+++ SOURCE DATA
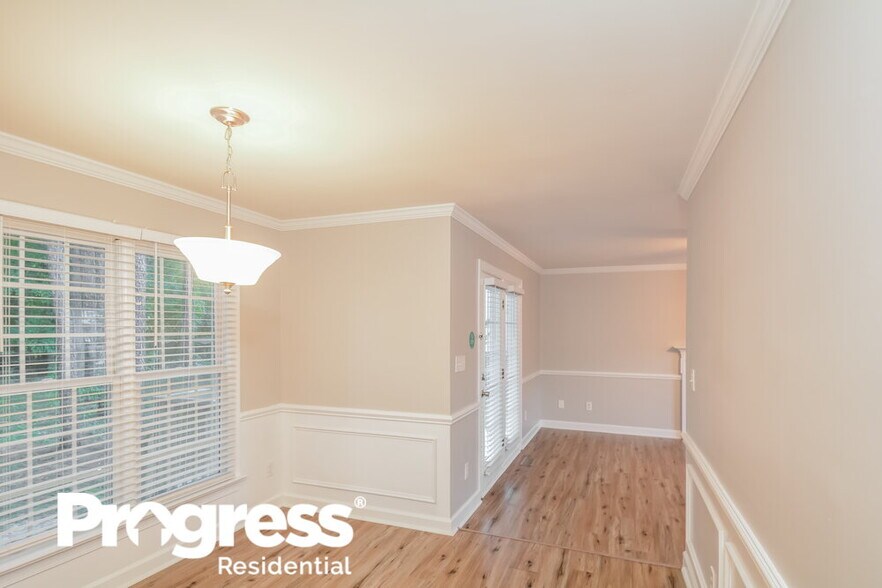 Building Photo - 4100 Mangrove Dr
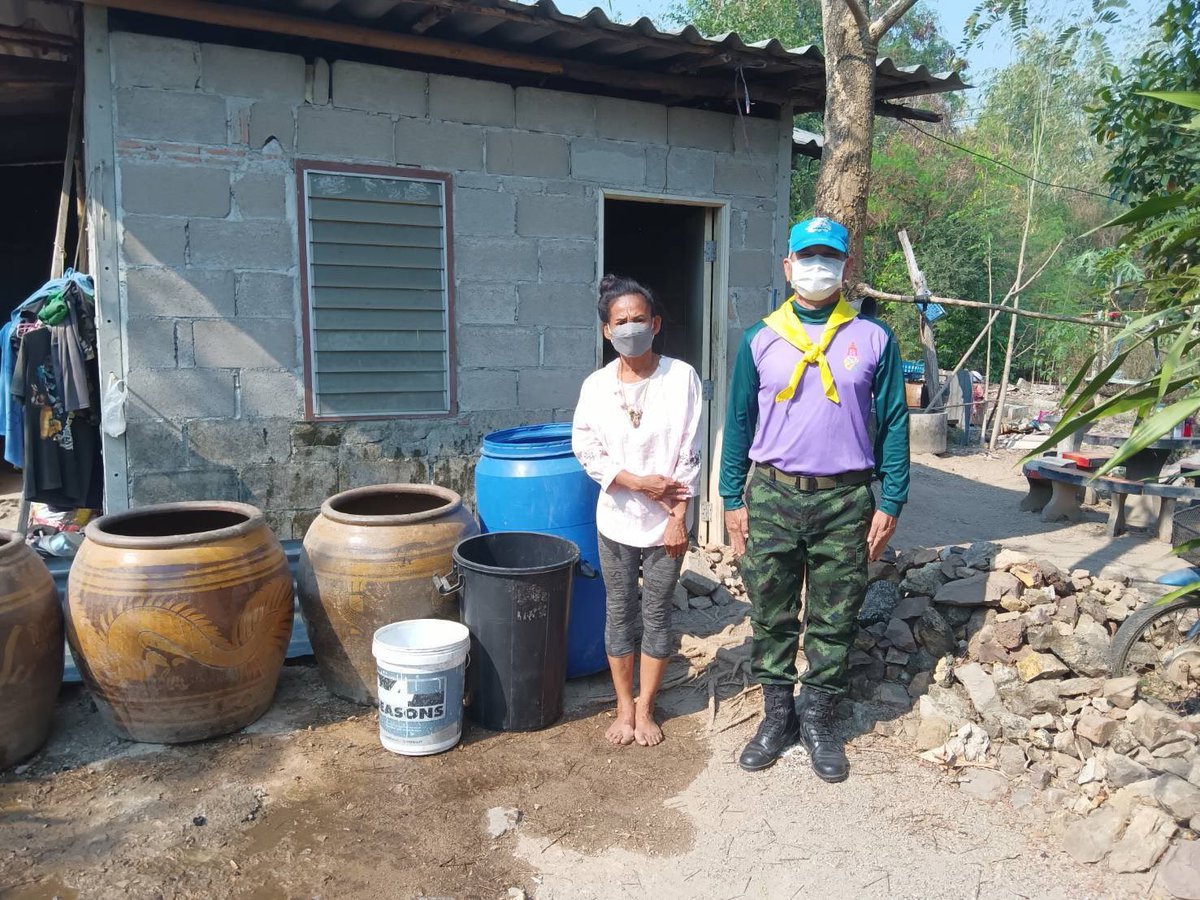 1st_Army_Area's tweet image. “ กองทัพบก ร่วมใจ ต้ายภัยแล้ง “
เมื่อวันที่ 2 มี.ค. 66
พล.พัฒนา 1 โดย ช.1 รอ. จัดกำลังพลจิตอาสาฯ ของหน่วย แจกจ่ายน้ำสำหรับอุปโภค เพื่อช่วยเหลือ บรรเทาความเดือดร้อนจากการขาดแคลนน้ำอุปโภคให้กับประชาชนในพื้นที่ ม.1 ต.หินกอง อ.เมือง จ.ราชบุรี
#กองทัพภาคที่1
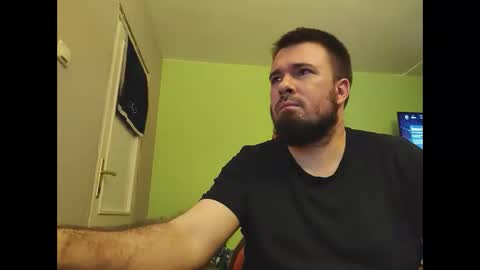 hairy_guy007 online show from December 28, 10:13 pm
++++++
EXERCISE AIM: Without the pictures, return the listing above from its first line through the line that has "พล.พัฒนา 1 โดย".

EXPECTED ANSWER:
 Building Photo - 4100 Mangrove Dr
 1st_Army_Area's tweet image. “ กองทัพบก ร่วมใจ ต้ายภัยแล้ง “
เมื่อวันที่ 2 มี.ค. 66
พล.พัฒนา 1 โดย ช.1 รอ. จัดกำลังพลจิตอาสาฯ ของหน่วย แจกจ่ายน้ำสำหรับอุปโภค เพื่อช่วยเหลือ บรรเทาความเดือดร้อนจากการขาดแคลนน้ำอุปโภคให้กับประชาชนในพื้นที่ ม.1 ต.หินกอง อ.เมือง จ.ราชบุรี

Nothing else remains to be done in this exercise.